The best way to explain RetroTxt is to see it in action with this short 54 second muted video. Where I browse a few NFO files hosted on textfiles.com showing both before and after RetroTxt has been applied.
I’ve tried to keep the extension as light and hands off as possible within the confines of the restrictive Chrome extension API. While still giving users the ability to easily customise fonts, colours and other theme settings. It offers a choice of 25 retro fonts, 11 colour themes, text alignment options as well as some presets for MS-DOS, Commodore Amiga, Commodore 64, Apple II and even a DOS font, web hybrid.
Any web developers looking to browse the code would probably be interested in functions.js and text.css. As they contain the core functionality of the text character conversions, font colours and CSS styling. The rest of the code is mostly for the extension functionally and UI.
Surprisingly this ability to display files created on a text standard from 1981 has been mostly out of reach for numerous reasons that I will get into later. But for now, the last missing piece of the puzzle, the need for proper bitmapped DOS fonts converted into a web friendly format. Has been solved thanks to the marvellous work of Viler and his Ultimate Oldschool PC Font Pack.
Before the availability of Viler’s font pack, you couldn’t properly display ASCII/NFO art in a modern operating system without a specialised application to either view or convert the text into an image.

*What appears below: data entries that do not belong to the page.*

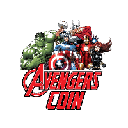 Криптовалюта AVENGERSCOIN AVENGERSCOIN AVC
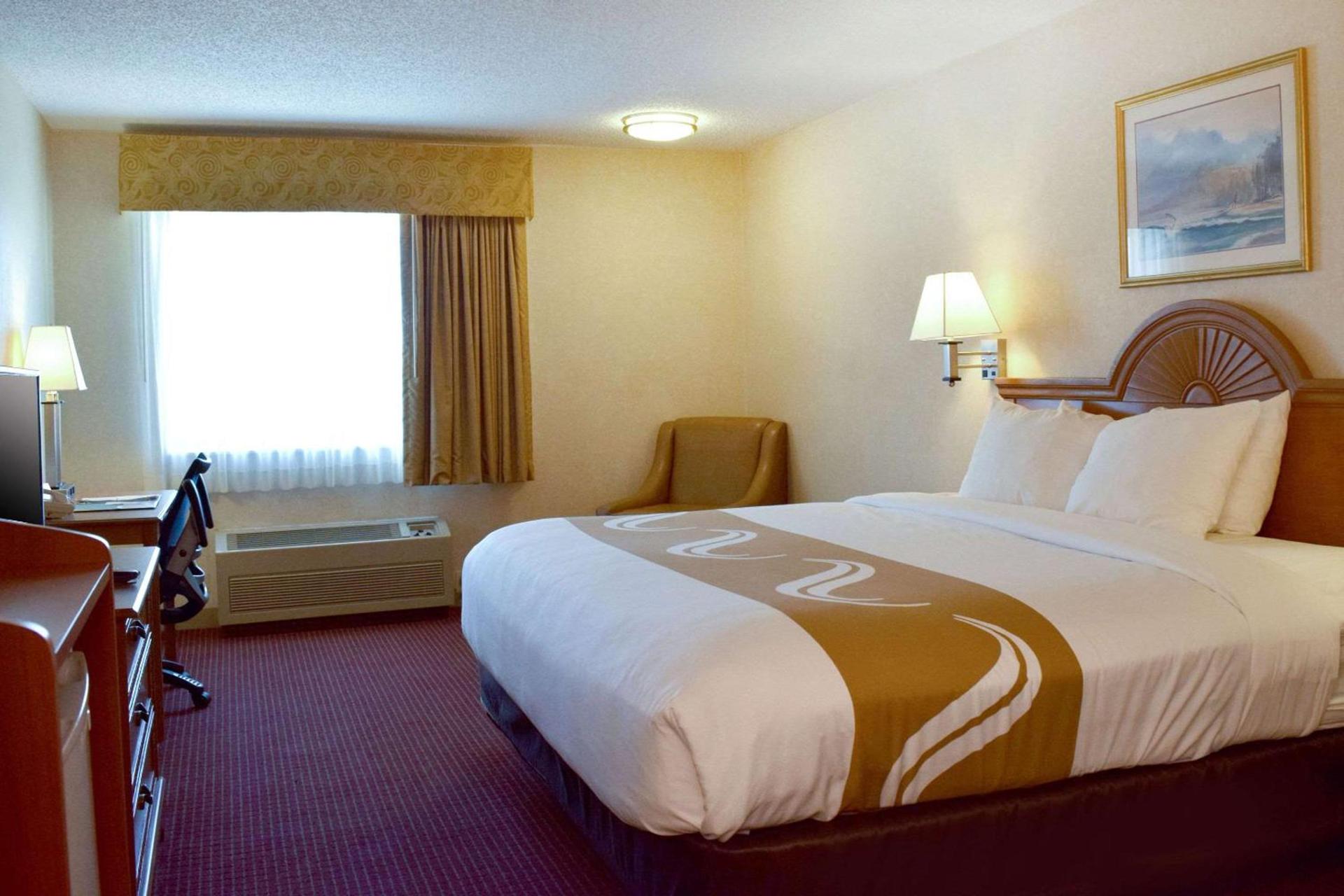 Quality Inn Louisville - Boulder photo 14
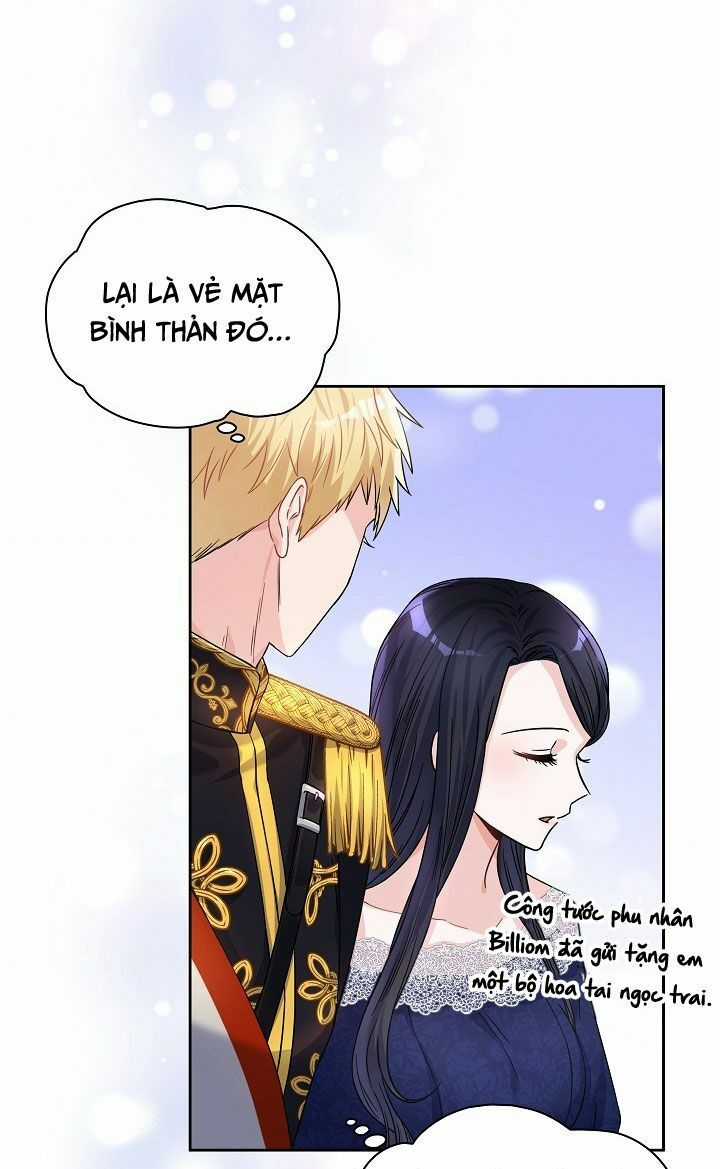 Công Nương Su - Chapter 31 - Trang 52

But image conversion has its downsides. For one text embedded into an image isn’t searchable, nor is it selectable, transferable or assessable. So the text can only be read using a fixed colour and small font size. Plus web browsers themselves add further limitations by placing memory restrictions on the size of the images they are able to load.
For mostly novelty value you can switch between these 4 sets of DOS era fonts while viewing the text files; 9 pixel VGA, high-resolution thin CGA, IBM PC BIOS and Tandy 1000 series BIOS. And there are a number of colour combinations too, DOS grey on black, white on black, monochrome green on black, black on white and a gimmick black on white with CSS shadow effects. Not surprisingly some files look better with different colour and font combinations.
For any web developers out there the basic implementation involved taking a DOS encoded text file and reading it using the Windows 1252 character set.
I looked up all the common ASCII art characters that are malformed by using this incorrect code page, pattern matched and replaced them with their UTF-8 coded equivalent.
For example, when using CP-437 the lower half block glyph ▄ is represented as decimal 220. With the Windows 1252 code page which has no lower half block character, decimal 220 returns the Ü glyph.
After loading an ASCII art file using Windows 1252, I replace all the incorrect Ü glyphs with U+2584 or ▄ and then display the converted document in the Unicode compatible, web browser friendly UTF-8 encoding.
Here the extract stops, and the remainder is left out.